Les écoles privées ont la capacité de choisir leurs « clients », ce qui entraîne une « élitisation » des élèves.
Suite à la publication de l’indice de position sociale (IPS), une mesure du ministère de l’Éducation nationale pour évaluer le statut social des élèves à partir des professions et catégories sociales de leurs parents, la rupture entre privé et public est claire. En sélectionnant les 10 % de collèges à plus faible IPS, on ne compte que 3,3 % d’établissements privés. Au contraire, en sélectionnant les 10 % à plus haut IPS, c’est 60,9 % d’établissements privés. La question de l’égalité face à l’enseignement se pose : alors que tout le monde contribue, par l’impôt, à financer l’école privée, les classes les moins favorisées ont très peu de chance d’en bénéficier.
L’urgence d’une réforme de fond
L’État ne s’est finalement jamais pleinement engagé auprès de l’école publique en pérennisant une sorte de statu quo avec l’enseignement privé alors qu’il aurait pu absorber de plus en plus d’élèves en investissant dans le public ce qu’il donne au privé. Au contraire, il a laissé les mains libres au privé, amorçant un tri social des élèves tout en concentrant des financements avantageux. À la même heure, nombre d’établissements publics partent en désuétude comme le montraient les lycéens eux-mêmes sur les réseaux sociaux au début de l’année 2024, filmant des locaux aux plafonds effondrés ou sans chauffage.

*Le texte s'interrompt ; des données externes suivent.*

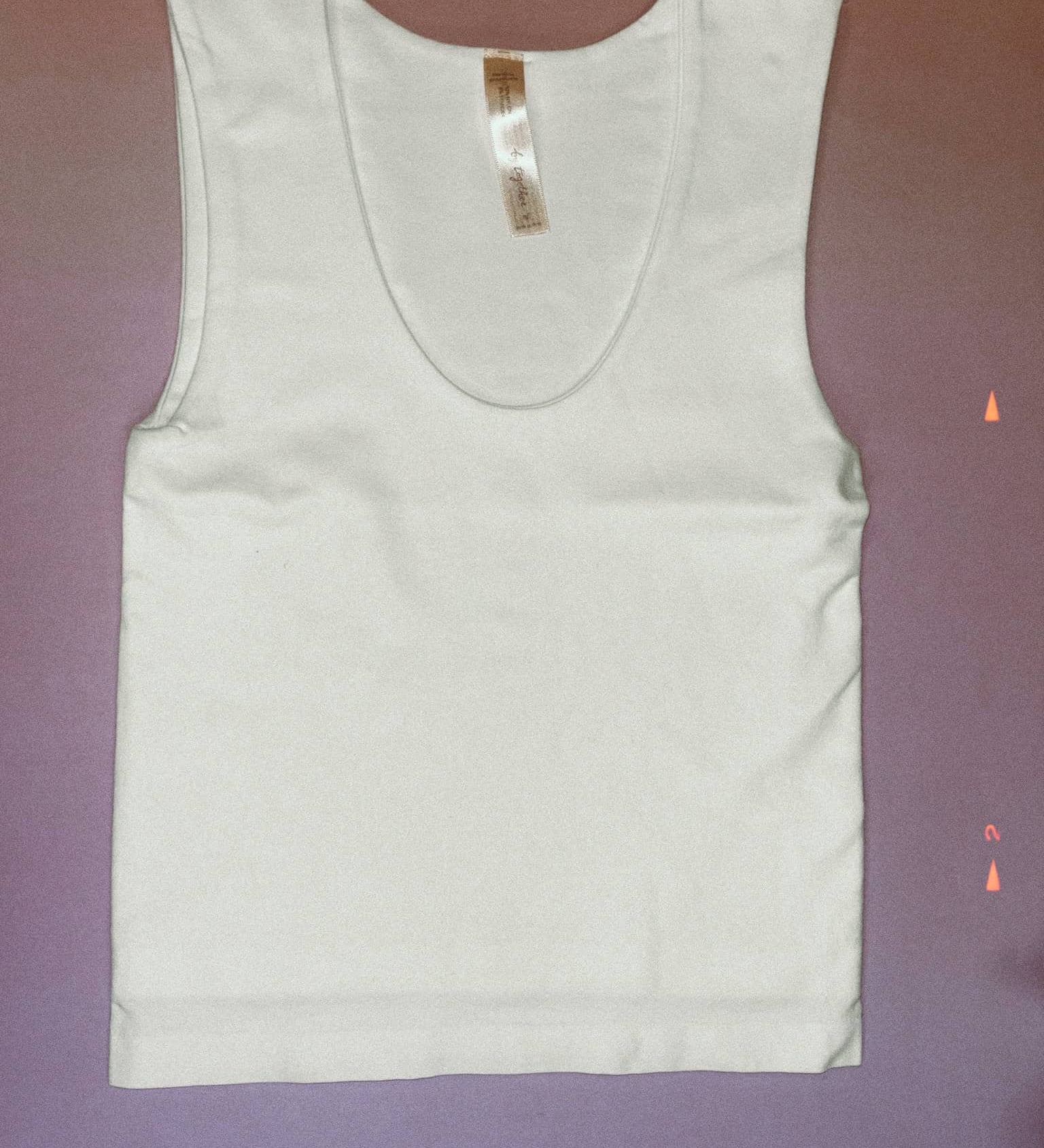 Double Layered Seamless Top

Un amendement des députés insoumis adopté dans le budget 2025 prévoit de reporter 6 milliards d’euros du privé vers le public pour rendre gratuits les cantines, les transports et fournitures scolaires.

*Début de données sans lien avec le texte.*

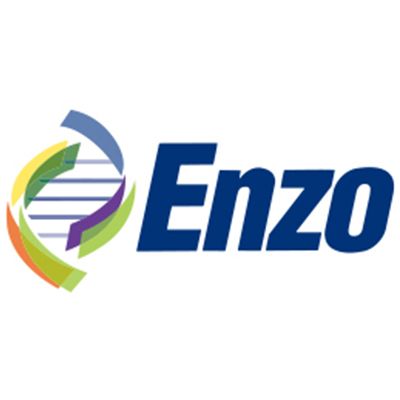 Enzo免疫印迹显色试剂盒（抗小鼠）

Ne serait-il pas temps d’abroger la loi Debré et de remettre l’école de la République au cœur de l’émancipation citoyenne ? Faut-il une mesure choc au point de déséquilibrer l’entièreté du système éducatif ? Les députés Insoumis – Nouveau Front Populaire ont eu le mérite d’avoir proposé un amendement – adopté – au Projet de Loi de Finance 2025 en reportant 6 milliards d’euros destinés à l’enseignement privé du premier et second degré vers le public, afin de rendre gratuits les cantines, les transports et fournitures scolaires. Si certains objecteront que, privé de cette somme, les établissements privés la répercuteront sur les tarifs facturés aux parents d’élèves, ces derniers auront toujours le choix de revenir vers le public…
Si la mesure a peu de chances d’être conservée après le passage du budget au Sénat et un probable usage de l’article 49.3 de la Constitution, elle propose néanmoins une piste pour trouver des financements éminemment nécessaires pour l’école publique, dans un contexte de disette budgétaire. Si l’option d’une suppression de l’école privée fait toujours peur à la gauche quarante ans après l’échec de la loi Savary en 1984, il ne fait aucun doute que le système actuel à deux vitesses ne peut pas perdure en l’état. A minima, un plus fort contrôle des pratiques du privé et un resserrement des financements publics pour les attribuer aux établissements qui en ont le plus besoin semble évident. Quant aux disparités sociales entre établissements, elles ne pourront être résorbées que par une contrainte forte imposée par l’État, voire une fin de l’école privée.